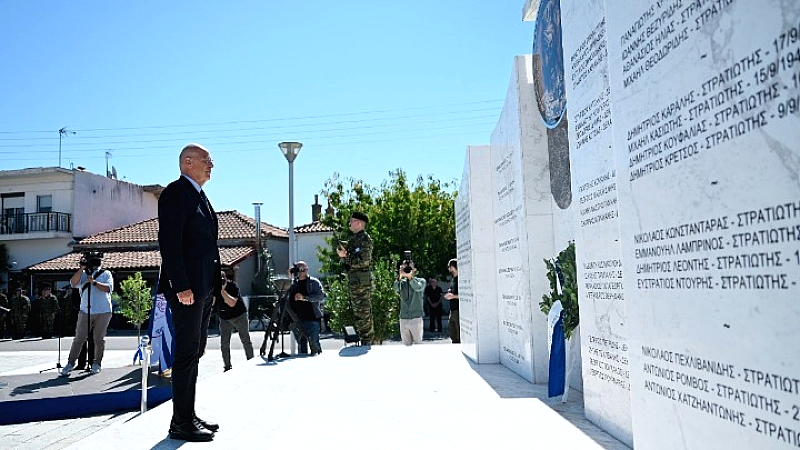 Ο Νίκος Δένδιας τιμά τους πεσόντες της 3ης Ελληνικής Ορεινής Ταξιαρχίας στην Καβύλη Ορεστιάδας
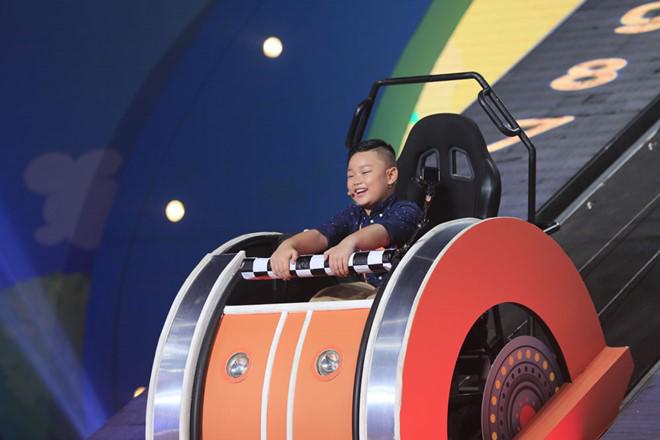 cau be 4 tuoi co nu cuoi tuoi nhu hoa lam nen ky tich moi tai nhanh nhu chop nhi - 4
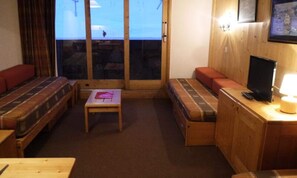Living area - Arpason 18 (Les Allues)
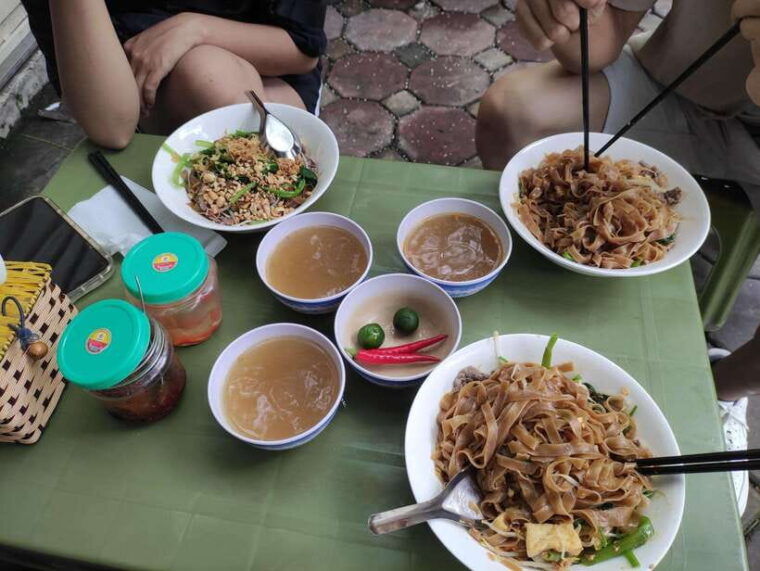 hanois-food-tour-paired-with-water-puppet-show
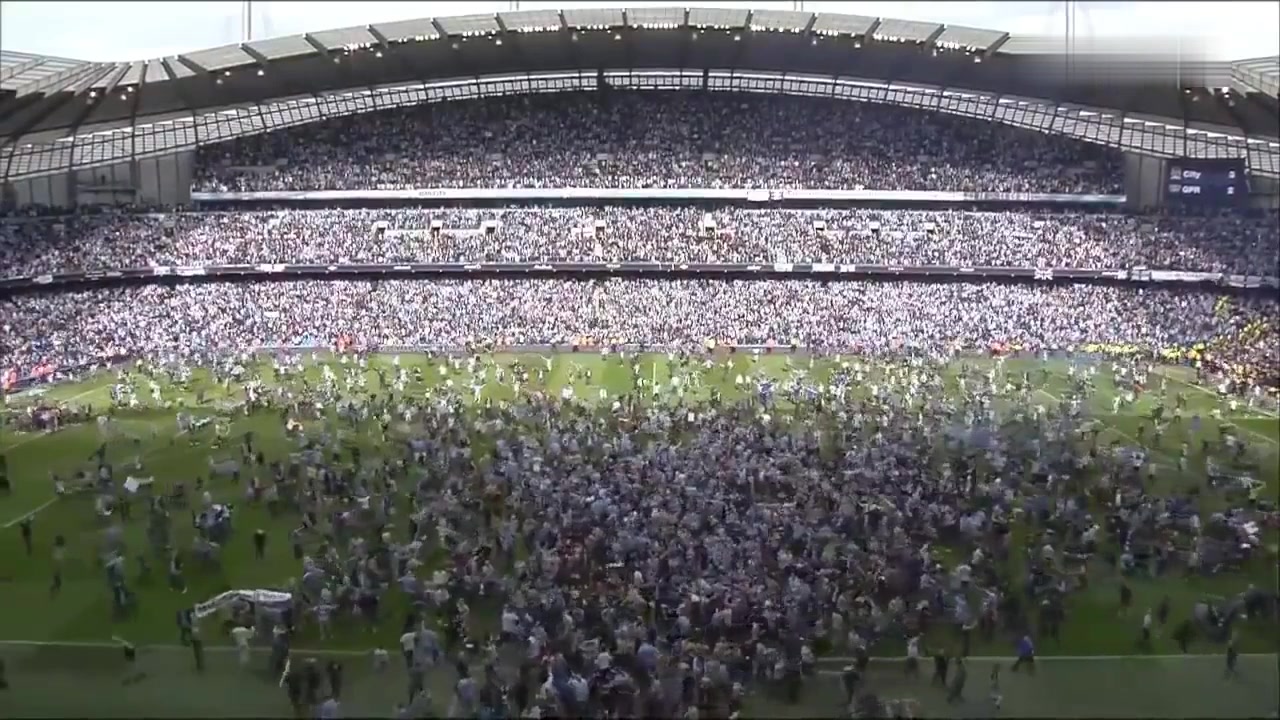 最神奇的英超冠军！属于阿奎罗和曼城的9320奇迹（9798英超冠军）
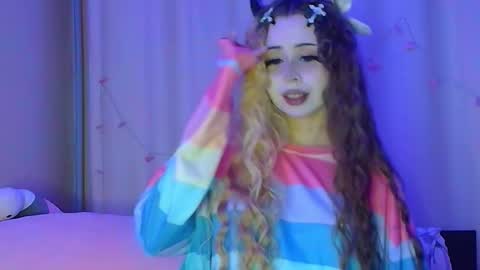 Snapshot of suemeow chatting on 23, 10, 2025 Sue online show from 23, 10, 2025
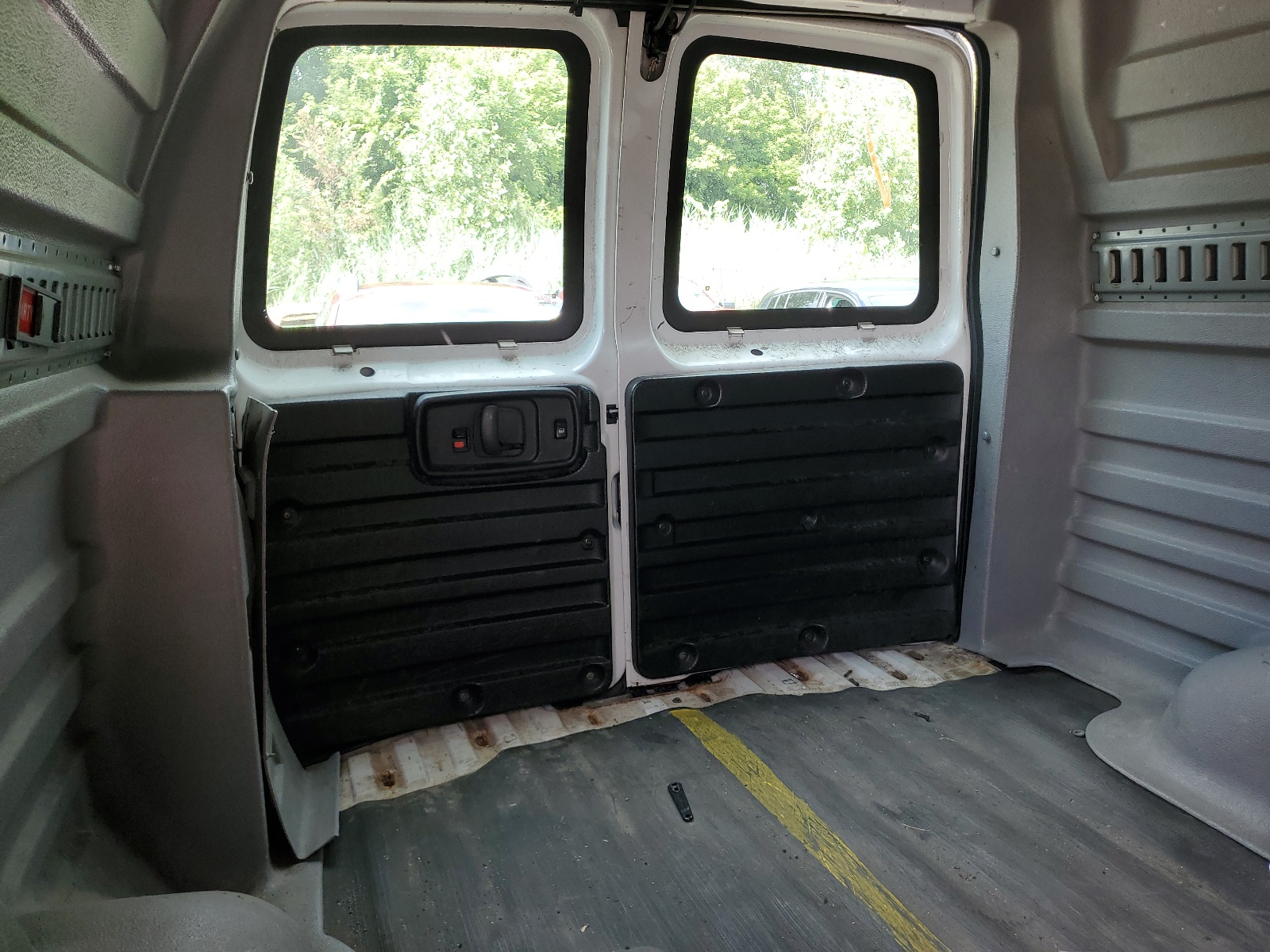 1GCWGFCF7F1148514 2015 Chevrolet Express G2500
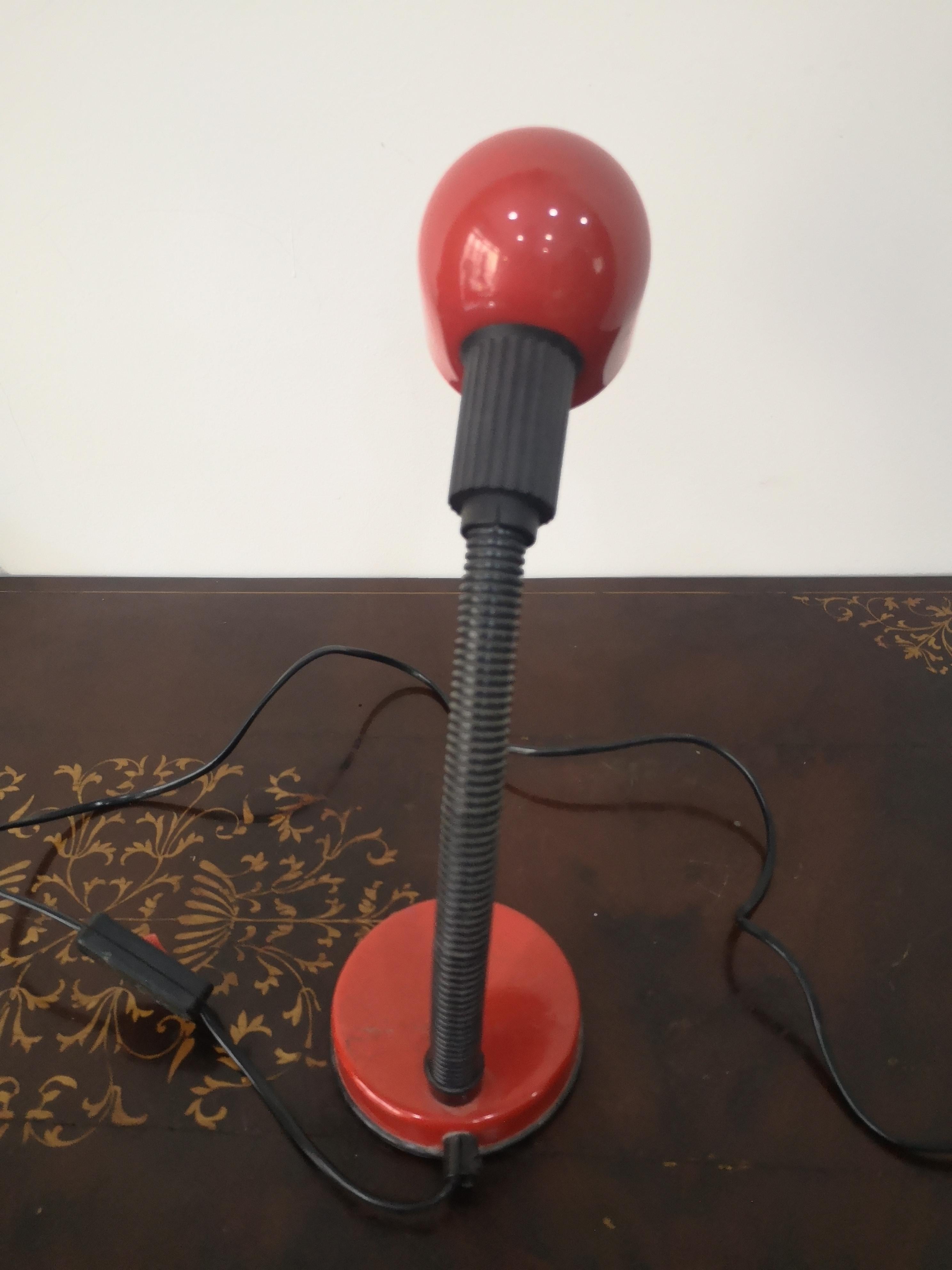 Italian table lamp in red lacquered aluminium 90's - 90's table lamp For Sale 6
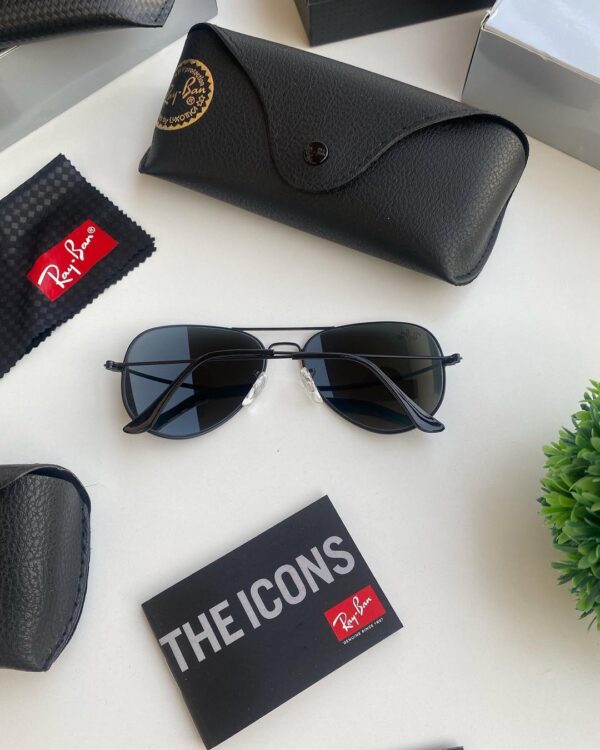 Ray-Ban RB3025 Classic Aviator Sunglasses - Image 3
────────────────────
Please return the listing above exactly and leave every picture out.

▸ Solved problem:
 Ο Νίκος Δένδιας τιμά τους πεσόντες της 3ης Ελληνικής Ορεινής Ταξιαρχίας στην Καβύλη Ορεστιάδας
 cau be 4 tuoi co nu cuoi tuoi nhu hoa lam nen ky tich moi tai nhanh nhu chop nhi - 4
Living area - Arpason 18 (Les Allues)
 hanois-food-tour-paired-with-water-puppet-show
 最神奇的英超冠军！属于阿奎罗和曼城的9320奇迹（9798英超冠军）
 Snapshot of suemeow chatting on 23, 10, 2025 Sue online show from 23, 10, 2025
 1GCWGFCF7F1148514 2015 Chevrolet Express G2500
 Italian table lamp in red lacquered aluminium 90's - 90's table lamp For Sale 6
 Ray-Ban RB3025 Classic Aviator Sunglasses - Image 3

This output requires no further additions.